If you can have a printer in your [child's] school, then parents who can afford to buy a [3D] printer, they're going to want to have their kid do the best at school so they're going to have a printer at home so when they're doing a project, printing out a sword, printing out something from Excalibur, printing out a battle scene at Gettysburg, printing something that you want to show in color for a project.

The parent says, "I want my kid to have that at home. I'm going to get the printer for home." It's going to be the likes of that, that's going to pull the industry along on the consumer side.

The potential, I think, is massive. It's a very undefined term, but with the likes of 400,000 printers going into China schools, you're talking about millions and millions of printers at the consumer level.

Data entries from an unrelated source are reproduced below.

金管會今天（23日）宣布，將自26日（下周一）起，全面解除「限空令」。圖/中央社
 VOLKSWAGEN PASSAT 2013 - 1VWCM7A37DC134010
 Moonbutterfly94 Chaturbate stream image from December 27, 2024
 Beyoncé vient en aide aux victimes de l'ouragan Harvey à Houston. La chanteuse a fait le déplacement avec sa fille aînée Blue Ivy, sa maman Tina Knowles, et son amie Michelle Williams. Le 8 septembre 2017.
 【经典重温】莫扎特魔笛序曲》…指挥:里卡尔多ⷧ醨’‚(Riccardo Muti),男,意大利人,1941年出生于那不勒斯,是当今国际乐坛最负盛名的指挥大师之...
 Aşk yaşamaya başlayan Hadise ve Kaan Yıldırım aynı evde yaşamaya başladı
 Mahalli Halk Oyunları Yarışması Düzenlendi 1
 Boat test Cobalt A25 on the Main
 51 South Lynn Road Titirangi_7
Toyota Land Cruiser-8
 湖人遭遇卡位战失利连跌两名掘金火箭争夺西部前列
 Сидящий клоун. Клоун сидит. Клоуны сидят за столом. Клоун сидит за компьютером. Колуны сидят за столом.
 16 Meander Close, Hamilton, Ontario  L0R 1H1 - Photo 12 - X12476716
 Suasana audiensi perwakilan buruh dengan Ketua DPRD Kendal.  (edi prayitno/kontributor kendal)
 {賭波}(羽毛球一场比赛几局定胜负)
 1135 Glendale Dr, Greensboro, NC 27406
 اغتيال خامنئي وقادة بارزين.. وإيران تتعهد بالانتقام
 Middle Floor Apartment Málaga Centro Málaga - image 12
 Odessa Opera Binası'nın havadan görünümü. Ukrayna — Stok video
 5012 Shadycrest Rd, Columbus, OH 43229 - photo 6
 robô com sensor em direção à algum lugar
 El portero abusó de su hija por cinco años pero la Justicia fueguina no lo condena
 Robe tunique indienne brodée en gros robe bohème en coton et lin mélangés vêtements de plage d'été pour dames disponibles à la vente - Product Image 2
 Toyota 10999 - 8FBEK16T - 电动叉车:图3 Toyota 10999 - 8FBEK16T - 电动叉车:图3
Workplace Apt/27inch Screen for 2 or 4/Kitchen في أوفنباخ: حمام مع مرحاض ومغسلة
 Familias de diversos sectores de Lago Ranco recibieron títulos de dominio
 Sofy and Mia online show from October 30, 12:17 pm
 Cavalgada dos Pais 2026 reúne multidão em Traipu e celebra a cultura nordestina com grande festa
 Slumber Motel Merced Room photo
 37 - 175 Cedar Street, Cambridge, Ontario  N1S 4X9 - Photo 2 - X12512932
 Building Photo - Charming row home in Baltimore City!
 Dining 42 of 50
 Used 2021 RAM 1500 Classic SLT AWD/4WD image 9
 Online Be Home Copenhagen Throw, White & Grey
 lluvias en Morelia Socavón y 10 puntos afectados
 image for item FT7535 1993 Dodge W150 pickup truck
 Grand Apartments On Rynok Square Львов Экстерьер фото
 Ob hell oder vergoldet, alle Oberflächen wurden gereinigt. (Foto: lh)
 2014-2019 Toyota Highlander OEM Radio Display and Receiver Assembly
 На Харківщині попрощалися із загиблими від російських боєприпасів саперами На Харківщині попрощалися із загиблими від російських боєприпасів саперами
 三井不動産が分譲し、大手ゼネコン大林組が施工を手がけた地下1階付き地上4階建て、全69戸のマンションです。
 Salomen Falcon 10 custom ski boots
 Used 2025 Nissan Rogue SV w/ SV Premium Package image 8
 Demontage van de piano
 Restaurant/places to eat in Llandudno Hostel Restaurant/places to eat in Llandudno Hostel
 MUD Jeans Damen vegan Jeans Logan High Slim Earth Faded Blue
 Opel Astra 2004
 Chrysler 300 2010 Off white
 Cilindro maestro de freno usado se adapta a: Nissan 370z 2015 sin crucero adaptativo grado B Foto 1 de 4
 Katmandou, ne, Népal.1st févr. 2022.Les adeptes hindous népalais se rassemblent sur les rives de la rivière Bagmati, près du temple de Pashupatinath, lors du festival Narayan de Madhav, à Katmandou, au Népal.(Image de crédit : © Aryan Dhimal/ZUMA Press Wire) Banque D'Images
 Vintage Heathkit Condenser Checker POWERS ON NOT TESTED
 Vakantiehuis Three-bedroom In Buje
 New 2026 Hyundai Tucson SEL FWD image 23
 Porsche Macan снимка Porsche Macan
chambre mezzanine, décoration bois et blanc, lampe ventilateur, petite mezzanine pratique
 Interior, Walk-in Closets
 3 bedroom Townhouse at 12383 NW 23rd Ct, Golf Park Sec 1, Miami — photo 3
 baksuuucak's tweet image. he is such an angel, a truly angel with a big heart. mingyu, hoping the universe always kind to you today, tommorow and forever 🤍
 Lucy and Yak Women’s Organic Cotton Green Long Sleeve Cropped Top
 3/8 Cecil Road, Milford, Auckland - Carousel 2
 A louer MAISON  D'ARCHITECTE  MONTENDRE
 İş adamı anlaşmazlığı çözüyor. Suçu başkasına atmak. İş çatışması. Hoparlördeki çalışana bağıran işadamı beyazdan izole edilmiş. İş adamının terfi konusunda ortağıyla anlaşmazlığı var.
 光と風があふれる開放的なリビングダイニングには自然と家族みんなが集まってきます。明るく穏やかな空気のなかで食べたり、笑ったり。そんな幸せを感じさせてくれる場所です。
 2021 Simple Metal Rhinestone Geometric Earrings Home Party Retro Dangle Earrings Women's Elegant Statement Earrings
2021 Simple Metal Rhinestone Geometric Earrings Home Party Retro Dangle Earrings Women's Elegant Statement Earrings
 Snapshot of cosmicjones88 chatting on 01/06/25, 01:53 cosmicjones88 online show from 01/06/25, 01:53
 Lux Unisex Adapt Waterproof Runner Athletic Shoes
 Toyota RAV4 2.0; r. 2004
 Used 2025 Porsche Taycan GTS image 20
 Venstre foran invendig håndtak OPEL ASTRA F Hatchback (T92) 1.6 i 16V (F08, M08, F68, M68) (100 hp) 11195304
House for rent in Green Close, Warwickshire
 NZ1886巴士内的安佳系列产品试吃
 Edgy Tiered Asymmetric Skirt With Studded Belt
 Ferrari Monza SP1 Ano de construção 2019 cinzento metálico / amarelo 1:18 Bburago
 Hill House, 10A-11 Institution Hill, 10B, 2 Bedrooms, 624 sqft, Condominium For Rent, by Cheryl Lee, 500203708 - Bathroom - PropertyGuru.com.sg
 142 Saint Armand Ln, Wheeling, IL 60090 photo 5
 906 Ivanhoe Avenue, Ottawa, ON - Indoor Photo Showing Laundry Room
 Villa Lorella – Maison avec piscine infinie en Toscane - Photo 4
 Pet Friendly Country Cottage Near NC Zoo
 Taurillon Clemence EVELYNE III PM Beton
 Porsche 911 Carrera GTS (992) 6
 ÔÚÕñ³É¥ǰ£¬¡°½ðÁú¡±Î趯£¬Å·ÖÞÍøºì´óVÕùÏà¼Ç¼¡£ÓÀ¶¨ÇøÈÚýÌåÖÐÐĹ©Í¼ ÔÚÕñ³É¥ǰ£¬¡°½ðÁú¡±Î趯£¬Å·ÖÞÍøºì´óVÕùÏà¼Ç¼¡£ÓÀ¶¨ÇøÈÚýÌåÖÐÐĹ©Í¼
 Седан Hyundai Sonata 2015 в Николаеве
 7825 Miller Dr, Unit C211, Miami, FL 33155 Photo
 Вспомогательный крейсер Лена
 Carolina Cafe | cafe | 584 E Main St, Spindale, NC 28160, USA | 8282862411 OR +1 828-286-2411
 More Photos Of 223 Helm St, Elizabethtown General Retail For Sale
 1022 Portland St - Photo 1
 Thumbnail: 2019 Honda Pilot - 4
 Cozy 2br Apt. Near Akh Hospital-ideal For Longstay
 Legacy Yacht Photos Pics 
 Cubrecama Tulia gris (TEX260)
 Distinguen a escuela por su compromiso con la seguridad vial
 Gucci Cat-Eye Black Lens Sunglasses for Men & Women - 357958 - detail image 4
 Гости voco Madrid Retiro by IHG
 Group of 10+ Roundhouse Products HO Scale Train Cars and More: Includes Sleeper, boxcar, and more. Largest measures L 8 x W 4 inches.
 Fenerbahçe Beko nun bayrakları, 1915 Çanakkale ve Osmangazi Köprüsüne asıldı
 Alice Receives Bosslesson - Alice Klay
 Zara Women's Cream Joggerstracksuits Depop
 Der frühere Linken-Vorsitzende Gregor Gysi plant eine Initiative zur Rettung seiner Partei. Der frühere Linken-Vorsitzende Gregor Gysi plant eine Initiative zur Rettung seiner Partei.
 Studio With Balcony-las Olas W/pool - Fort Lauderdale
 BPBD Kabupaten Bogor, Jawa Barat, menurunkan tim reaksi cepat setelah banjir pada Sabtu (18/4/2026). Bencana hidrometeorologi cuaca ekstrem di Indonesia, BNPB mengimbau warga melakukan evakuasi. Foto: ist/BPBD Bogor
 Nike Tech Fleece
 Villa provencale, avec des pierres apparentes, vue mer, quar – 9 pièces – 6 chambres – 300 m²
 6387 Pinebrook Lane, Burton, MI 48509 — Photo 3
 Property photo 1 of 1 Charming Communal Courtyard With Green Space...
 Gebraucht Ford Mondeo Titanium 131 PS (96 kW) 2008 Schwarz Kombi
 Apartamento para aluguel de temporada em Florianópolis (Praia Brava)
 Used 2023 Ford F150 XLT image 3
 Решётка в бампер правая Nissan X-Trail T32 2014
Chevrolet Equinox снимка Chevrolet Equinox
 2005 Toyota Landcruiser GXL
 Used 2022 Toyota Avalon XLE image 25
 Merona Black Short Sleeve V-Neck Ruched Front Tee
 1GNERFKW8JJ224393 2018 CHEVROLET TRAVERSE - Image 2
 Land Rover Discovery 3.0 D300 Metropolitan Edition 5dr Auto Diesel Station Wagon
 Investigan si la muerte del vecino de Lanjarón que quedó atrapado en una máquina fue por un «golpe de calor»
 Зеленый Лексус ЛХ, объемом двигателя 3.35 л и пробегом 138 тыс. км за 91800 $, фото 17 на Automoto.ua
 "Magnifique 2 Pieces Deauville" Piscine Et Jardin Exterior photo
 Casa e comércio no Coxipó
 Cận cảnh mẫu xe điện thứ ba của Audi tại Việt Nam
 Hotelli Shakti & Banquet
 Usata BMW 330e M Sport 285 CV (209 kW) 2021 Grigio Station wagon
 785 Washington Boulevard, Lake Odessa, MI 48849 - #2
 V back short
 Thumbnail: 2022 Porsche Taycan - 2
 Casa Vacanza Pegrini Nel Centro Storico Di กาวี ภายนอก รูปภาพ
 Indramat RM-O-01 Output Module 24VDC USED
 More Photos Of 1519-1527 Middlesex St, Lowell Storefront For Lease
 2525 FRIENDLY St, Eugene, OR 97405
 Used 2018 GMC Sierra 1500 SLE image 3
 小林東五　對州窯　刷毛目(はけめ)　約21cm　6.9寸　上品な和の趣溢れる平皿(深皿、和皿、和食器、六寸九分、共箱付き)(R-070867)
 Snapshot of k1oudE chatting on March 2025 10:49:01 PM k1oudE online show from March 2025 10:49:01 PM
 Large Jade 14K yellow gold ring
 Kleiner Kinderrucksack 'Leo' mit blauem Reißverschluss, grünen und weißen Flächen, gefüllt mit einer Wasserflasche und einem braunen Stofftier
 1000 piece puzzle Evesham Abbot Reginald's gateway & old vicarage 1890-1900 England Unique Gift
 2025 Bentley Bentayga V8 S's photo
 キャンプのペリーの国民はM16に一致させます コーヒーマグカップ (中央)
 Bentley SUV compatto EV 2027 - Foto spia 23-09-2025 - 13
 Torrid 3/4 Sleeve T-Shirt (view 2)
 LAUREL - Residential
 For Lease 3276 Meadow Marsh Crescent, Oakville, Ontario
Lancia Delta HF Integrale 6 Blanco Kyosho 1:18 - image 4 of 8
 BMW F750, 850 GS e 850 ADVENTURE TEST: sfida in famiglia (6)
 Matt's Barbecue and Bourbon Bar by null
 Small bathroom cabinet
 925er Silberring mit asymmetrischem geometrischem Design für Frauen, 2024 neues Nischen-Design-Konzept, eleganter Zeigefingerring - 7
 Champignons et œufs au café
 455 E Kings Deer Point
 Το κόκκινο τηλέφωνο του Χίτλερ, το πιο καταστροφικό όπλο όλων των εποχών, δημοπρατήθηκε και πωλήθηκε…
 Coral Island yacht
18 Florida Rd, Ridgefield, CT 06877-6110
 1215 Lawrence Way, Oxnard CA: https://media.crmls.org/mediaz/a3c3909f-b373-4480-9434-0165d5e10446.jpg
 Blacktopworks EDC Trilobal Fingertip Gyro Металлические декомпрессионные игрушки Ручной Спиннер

Heller: And millions of users too, if you think about it. Hundreds of thousands of printers could be millions of users, so there's a huge future workforce, if you will, of people that are going to be educated with 3D printing all the way through, from kindergarten all the way up. By the time they hit the workforce, it's going to be a mature technology for them.

MacCormack: Yes, it's a classic case where you get people in education. The kids go through, who are used to using the technology, used to designing, used to failing faster.

The other word that people are always using is democratizing innovation. People are always banging on about it, but what that really means is that you're allowing a kid in the classroom to invent.

Some kids aren't going to want to do that. They're writers, or they're into English or history, and they're not going to want to do that. But the ones that are into that, they're going to want to come up with their own ideas, and they're going to invent faster and they're going to fail faster.

It is going to be an exponential growth, and that's the thing. It's not a linear growth, it's an exponential growth. That's all going to be triggered by 3D printing.